- _INPUT DATA_
▼

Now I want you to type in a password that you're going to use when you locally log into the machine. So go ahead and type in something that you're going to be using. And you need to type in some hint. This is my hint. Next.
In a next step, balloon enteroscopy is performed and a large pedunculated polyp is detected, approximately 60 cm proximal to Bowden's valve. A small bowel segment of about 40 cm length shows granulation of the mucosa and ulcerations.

▲
▼

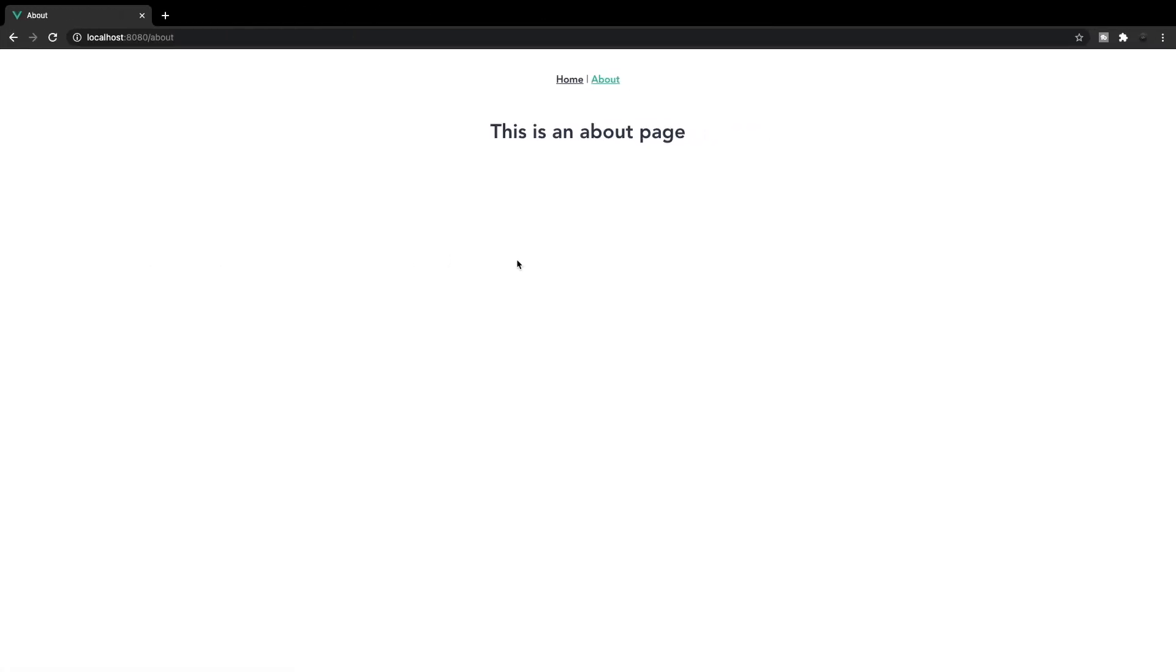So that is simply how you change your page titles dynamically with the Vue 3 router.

▲
▼

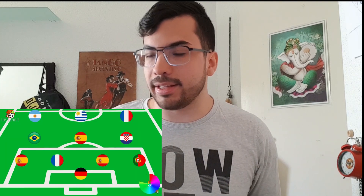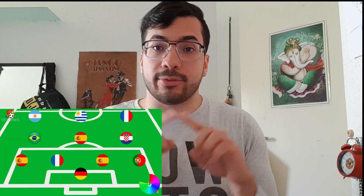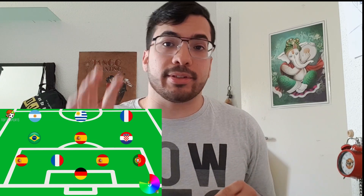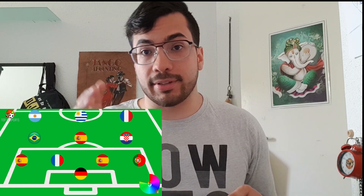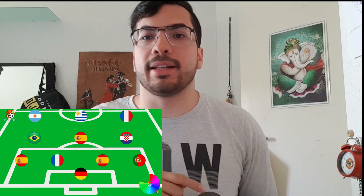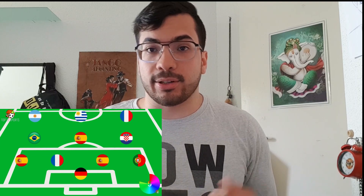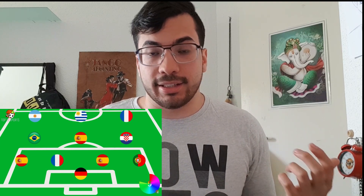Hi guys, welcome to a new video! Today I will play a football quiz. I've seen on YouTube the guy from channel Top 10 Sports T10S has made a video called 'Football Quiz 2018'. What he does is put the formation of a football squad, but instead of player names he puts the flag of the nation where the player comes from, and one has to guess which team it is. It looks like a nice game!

▲

- _WORK REQUEST_
Which lines above run from the one containing "Now I want you" to the one containing "In a next step, balloon"? Give them again exactly, both ends included.

- _TASK SOLUTION_
Now I want you to type in a password that you're going to use when you locally log into the machine. So go ahead and type in something that you're going to be using. And you need to type in some hint. This is my hint. Next.
In a next step, balloon enteroscopy is performed and a large pedunculated polyp is detected, approximately 60 cm proximal to Bowden's valve. A small bowel segment of about 40 cm length shows granulation of the mucosa and ulcerations.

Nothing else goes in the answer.